Run this in your terminal:
claude mcp add --transport http querybear https://mcp.querybear.com/mcp
That’s it. The next time you start claude, it will prompt you to authorize QueryBear via OAuth — opens a browser, you click “Approve”, and it links Claude Code to your QueryBear account.

Verify

Inside a Claude Code session, ask:
“What QueryBear tools do you have available?”
You should see list_connections, get_schema, and run_query. If you don’t, restart claude and try again.

Why QueryBear + Claude Code

Claude Code is most useful when it has visibility into the systems you’re working on. For backend work, that almost always includes the database. QueryBear lets Claude Code:
  • Answer “how many rows match X?” without you writing SQL by hand.
  • Generate reports against production data while pair-programming.
  • Verify migrations against real schemas (read-only — it can’t run the migration itself).
  • Debug user-reported issues by looking up the actual row.
…all without giving Claude Code direct database credentials, write access, or visibility into sensitive columns.

Per-database setup guides

PostgreSQL + Claude Code

Step-by-step Postgres setup, including read-only role SQL.

MySQL + Claude Code

Step-by-step MySQL setup, including read-only user SQL.

SQLite + Claude Code

Local SQLite file setup.

Tips for using QueryBear in Claude Code

  • Let Claude run get_schema first. It dramatically improves query quality. If you’re debugging, you can also explicitly ask: “call get_schema for the users table first.”
  • Be explicit about which connection. If you have multiple databases connected, name one: “using the production connection, count signups this week.” Saves a list_connections round-trip.
  • Read the audit log.
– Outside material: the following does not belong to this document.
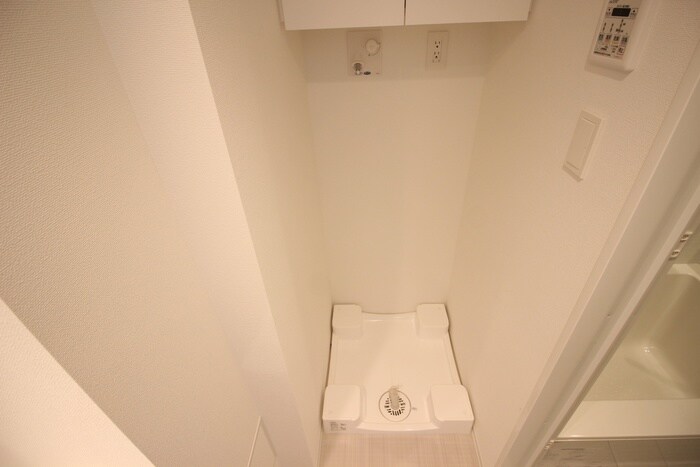 物件内観写真12　(洗濯機置場)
Every query Claude ran is in the QueryBear dashboard under Audit log. Helpful when an answer looks suspicious — you can verify the exact SQL.
  • Block any column you wouldn’t want in Claude’s training data telemetry. Anything Claude sees goes through Anthropic’s API. For PII, set the column blocklist in QueryBear.

Common workflows

Debugging a user report:
“User id 9182 says they didn’t receive a confirmation email. Check their account status, last login, and any recent email events.”
Claude calls get_schema, finds the relevant tables, joins them, and reports — without you writing the query. Sanity-checking a migration:
“I’m about to add a NOT NULL constraint to users.email_verified_at. How many users currently have NULL there?”
A pre-migration safety check Claude can run in seconds. Generating ad-hoc reports:
“Weekly active users by signup cohort, last 8 weeks, output as a markdown table.”
Claude writes the SQL, runs it, formats the result inline.